The SRS is a servant not a master. That’s right; SRS were developed to serve you. To help you. To free you from the burden of relearning forgotten things, and scheduling your own reviews.
Unfortunately, however, most of us have been to school, which means we’re used to being slaves. That’s right, I said it: school is a form of slavery — a very lite form, low in calories and sodium — but a form nonetheless. People tell you what to wear, what to read, where to be, when to talk, what to talk about, what words to use, when to shut up, when to eat, when to stand, when to sit down, when to move, when to sit still, when to pee, when to pooh, and can enforce their will through physical violence, emotional battery and even legal measures: it’s slavery…or at the very least prison. “Slavery” might be a bit hyperbolic, but it’s not far off the mark (?).
Anyway! The thing about slavery is that, like the elephant in this oft-repeated anecdote, the real enslaving is not physical but mental. You can unlock someone’s handcuffs but if her mind is still in chains you might as well not bother…type thing. You can take a man out of the ghetto but you can’t take the trackers out of a BitTorrent file yada yada. The same thing happens with a lot of prison inmates: these men, and they are often men, would do anything to bust out of that prison while they were in it, but once they get out, they’re so unused to their freedom that many consciously or unconsciously choose to return to jail — I don’t know whether this is actually true or not, but it was in Shawshank Redemption, so it’s gotta be true. Wow, I love blogging…no one to dock you points for not quoting proper sources.
Mmm, and so, many AJATTeers put themselves in the position of slave to their SRS. They try to turn AJATT into school all over again. And it’s not just their fault, nor even school’s fault, nor is it the fault of “society”. No, kids, the culprit here is Khatzumoto. I’m the one who started AJATT off in the direction of 10,000 sentences, so much so that some sites even call this the “10,000 sentences method“. Having said that, there are at least two good (?) reasons why I did it:
(i) Sentences, even 10,000 of them, are a clear, concise, quantifiable thing to aim for. It’s something you can sort of “see”; it’s a tangible goal; it’s all nice and pre-reified; the SRS even records stats and crap for you. In short, it’s almost everything that our current education system sets up as valuable.

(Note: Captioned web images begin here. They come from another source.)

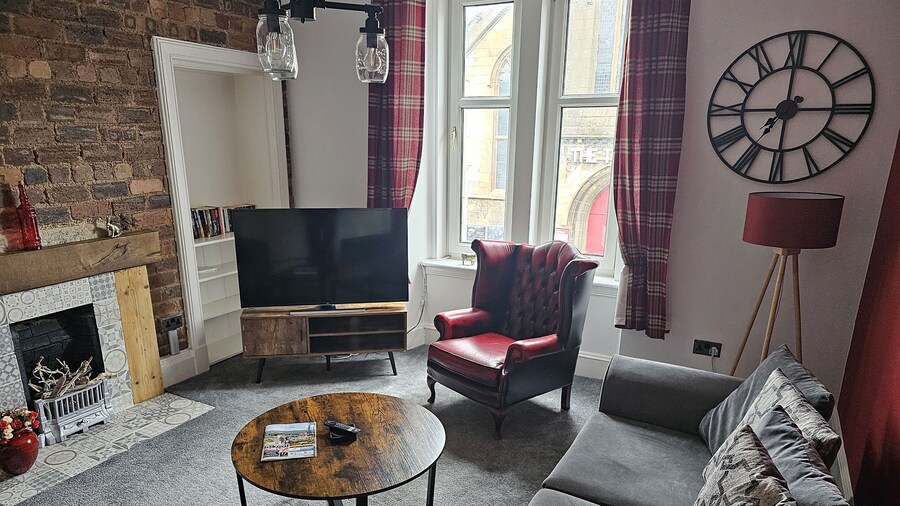 Snug - Abhainn Apartment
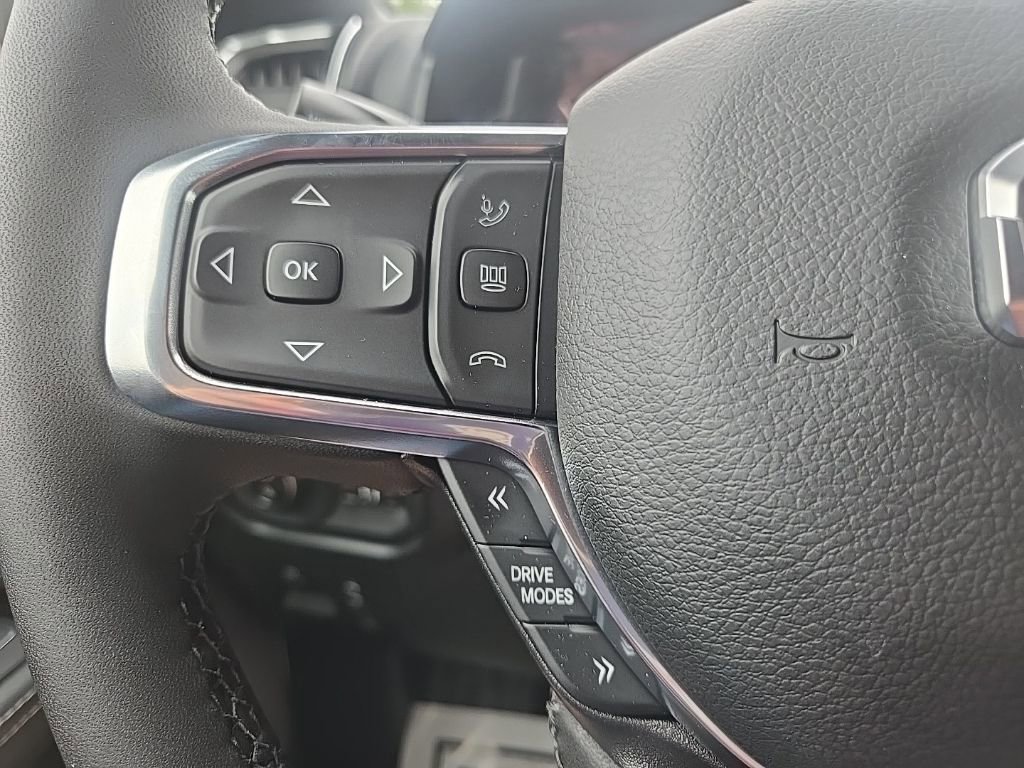 New 2026 RAM 1500 Laramie w/ Night Edition image 47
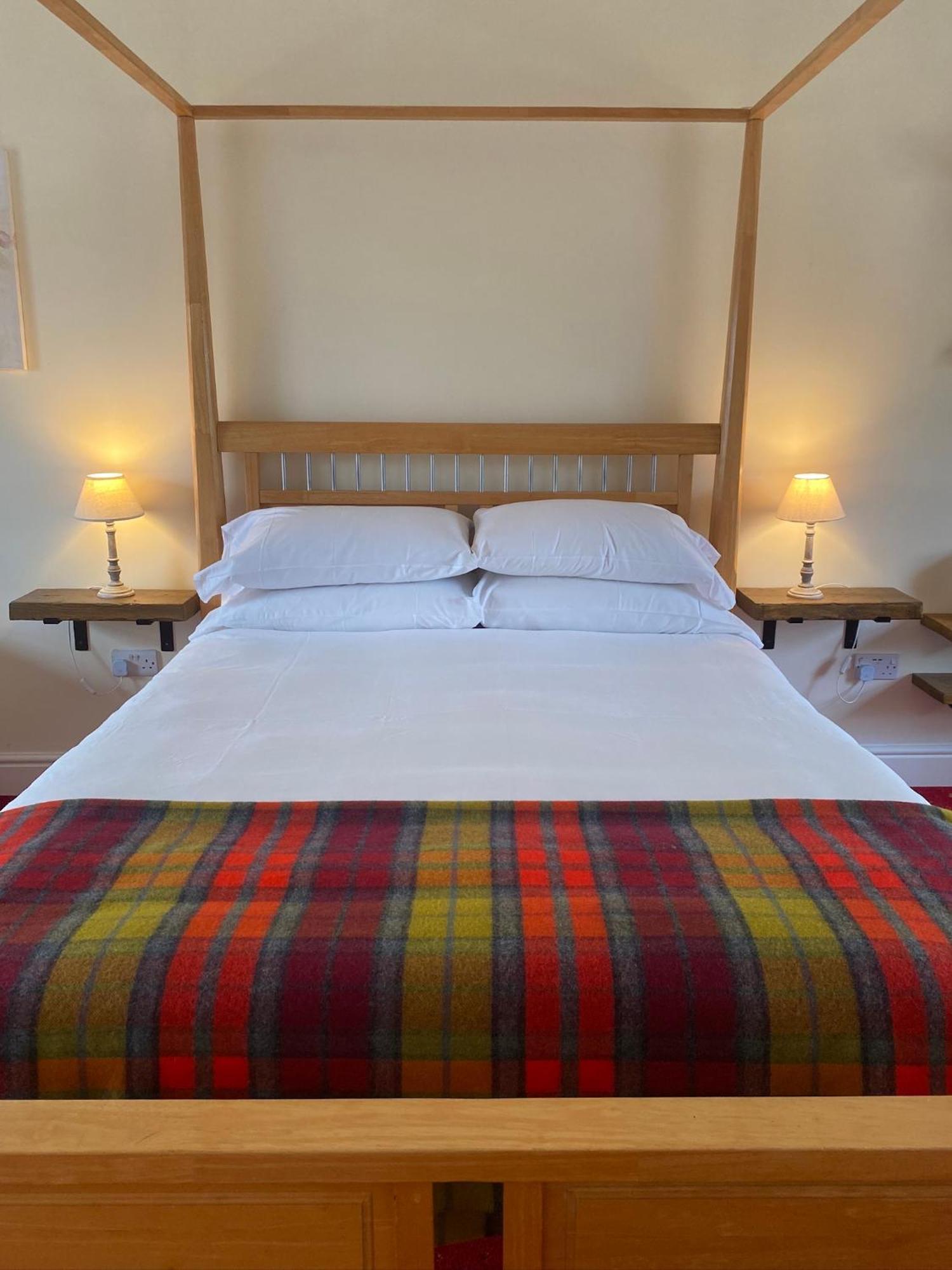 The Gordon Arms Restaurant With Rooms Yarrow Esterno foto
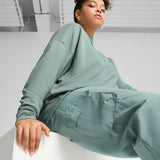 Essentials Small No. 1 Logo Woven Cargo Pants Women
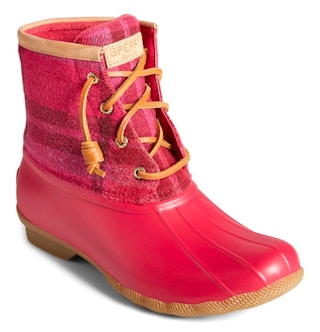 Zulily-Sperry-Red-Persian-Boot-Aug-2022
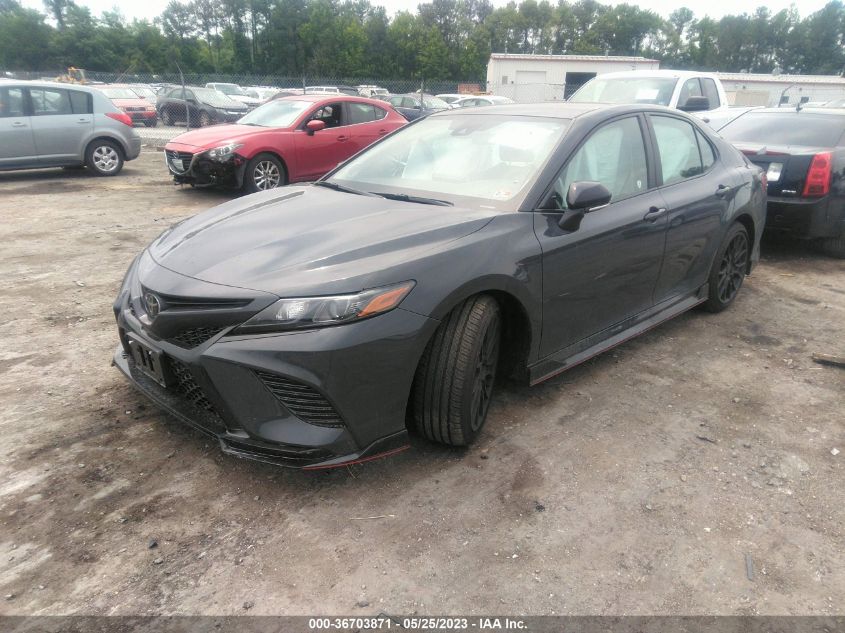 2023 TOYOTA CAMRY V6 - 4T1KZ1AK8PU077458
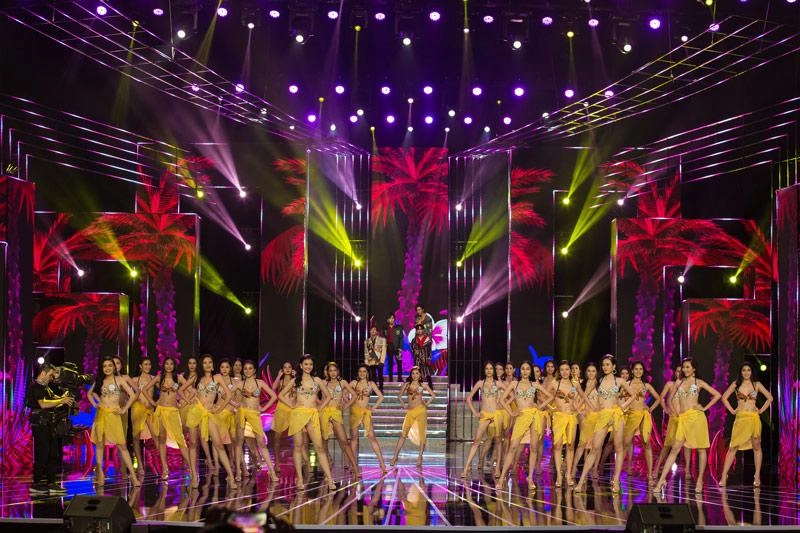 Thí sinh duy nhất được hoa hậu hhen niê khen ngợi tại miss world việt nam 2019 là ai - 15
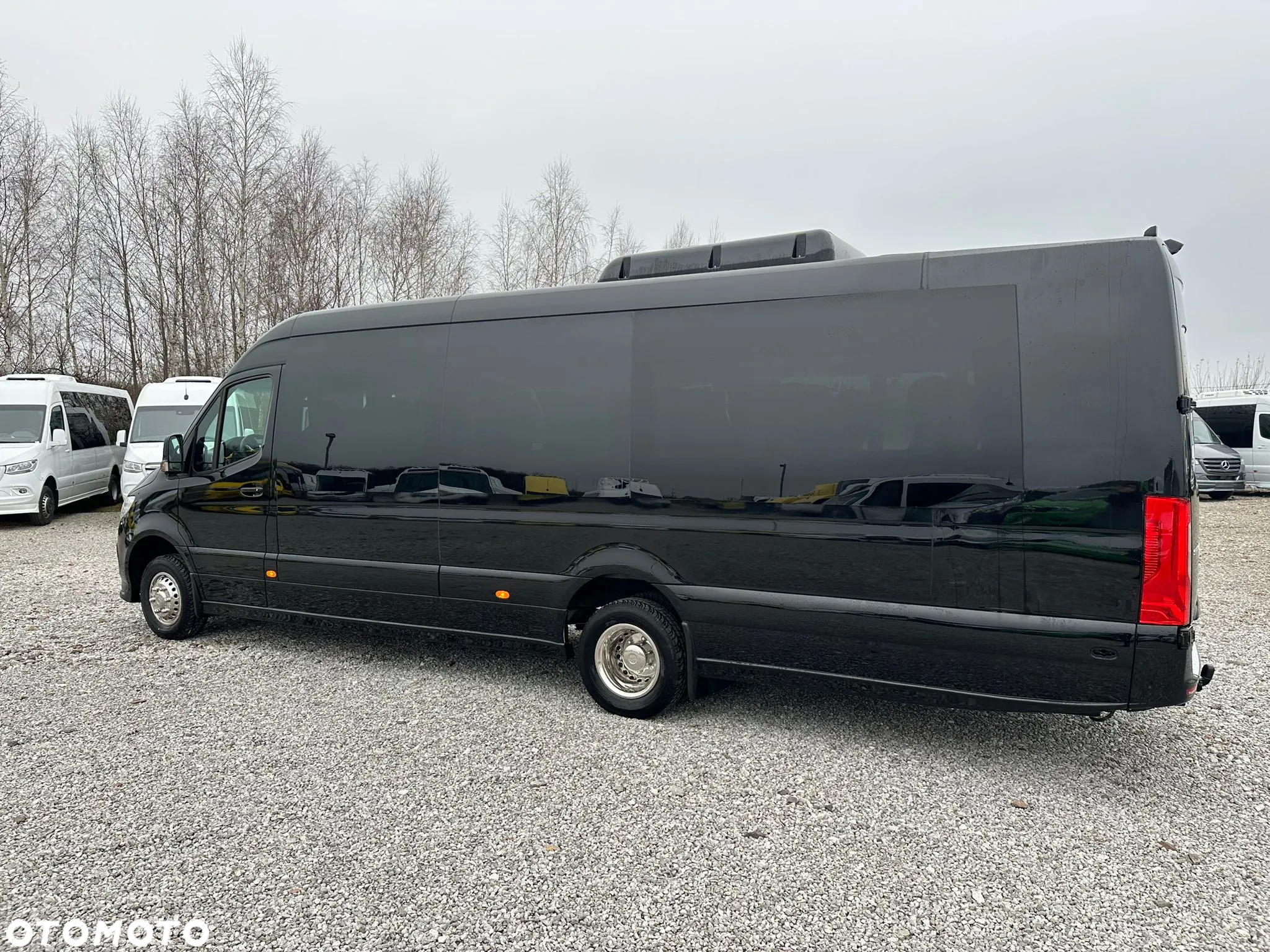 Mercedes-Benz Sprinter 519 - 8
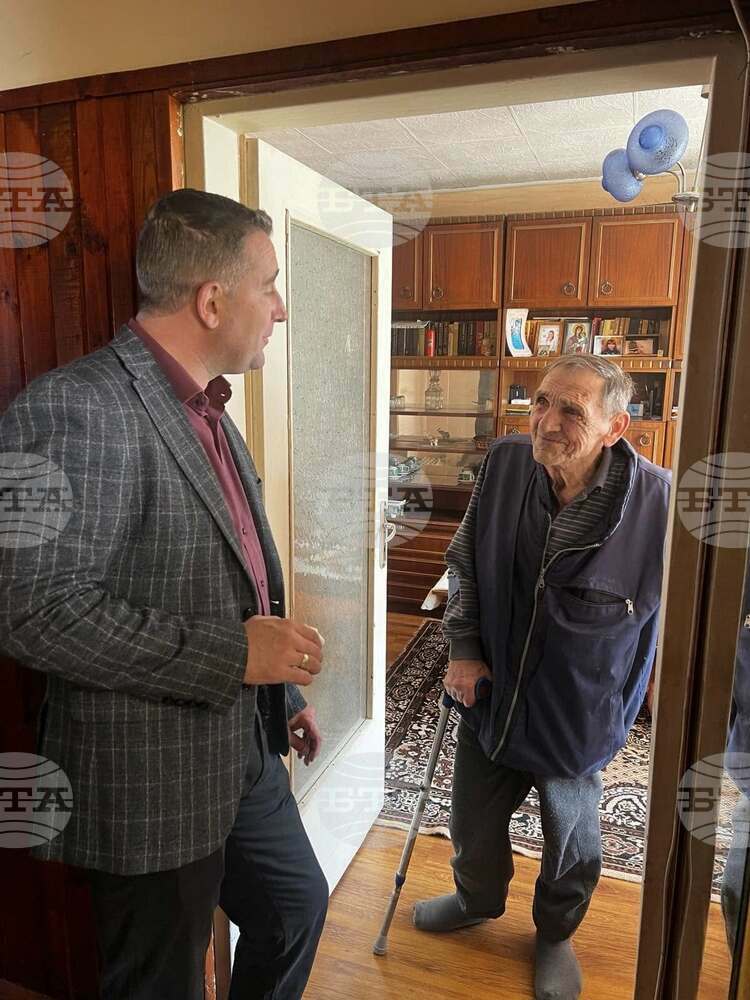 Миналата година подкрепа по проект „Грижа в дома“ в община Самоков са получили над 300 нуждаещи се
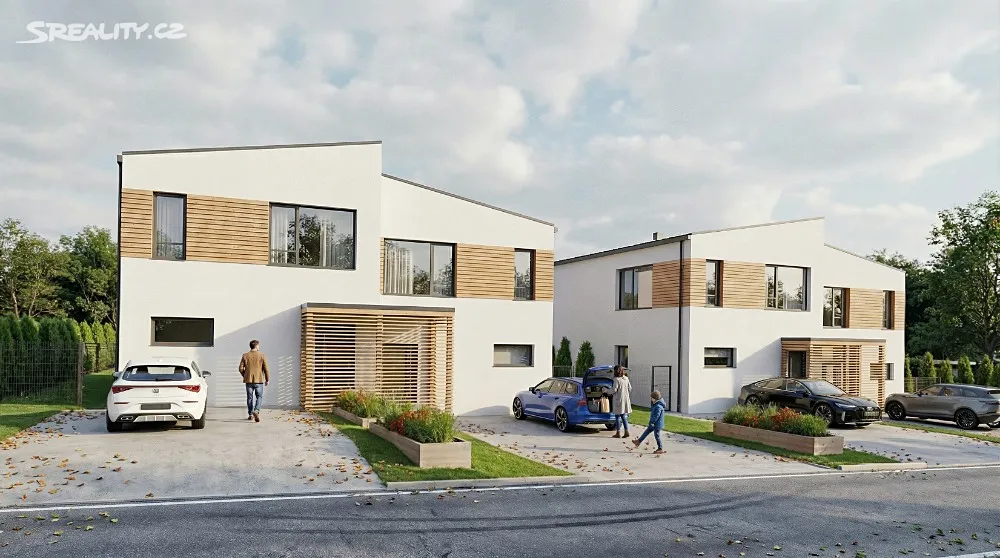 Prodej rodinného domu 125 m², pozemek 369 m², Benátky nad Jizerou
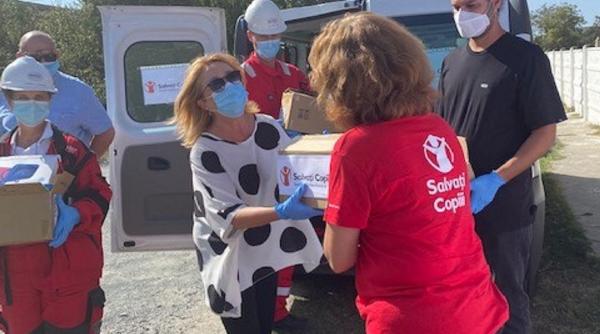 organizatia salvati copiii lanseaza o campanie de strangere de fonduri pentru spitalul grigore alexandrescu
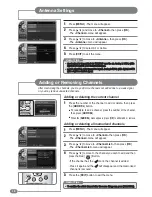 Предварительный просмотр 18 страницы Coby TF-TV3709 Operating Instructions Manual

(ii) Before writing AJATT, I had shared the methods I was using for learning Japanese; whenever someone was interested I would just tell them what I was doing, or maybe shoot them a quick email. One thing I noticed was that people seemed very reticent about adopting the SRS. I felt then and continue to feel now that the SRS was key, in terms of allowing me to acquire and sustain literacy in Japanese in such a relatively short time with so relatively little effort. So, I purposely went in strong on SRS promotion.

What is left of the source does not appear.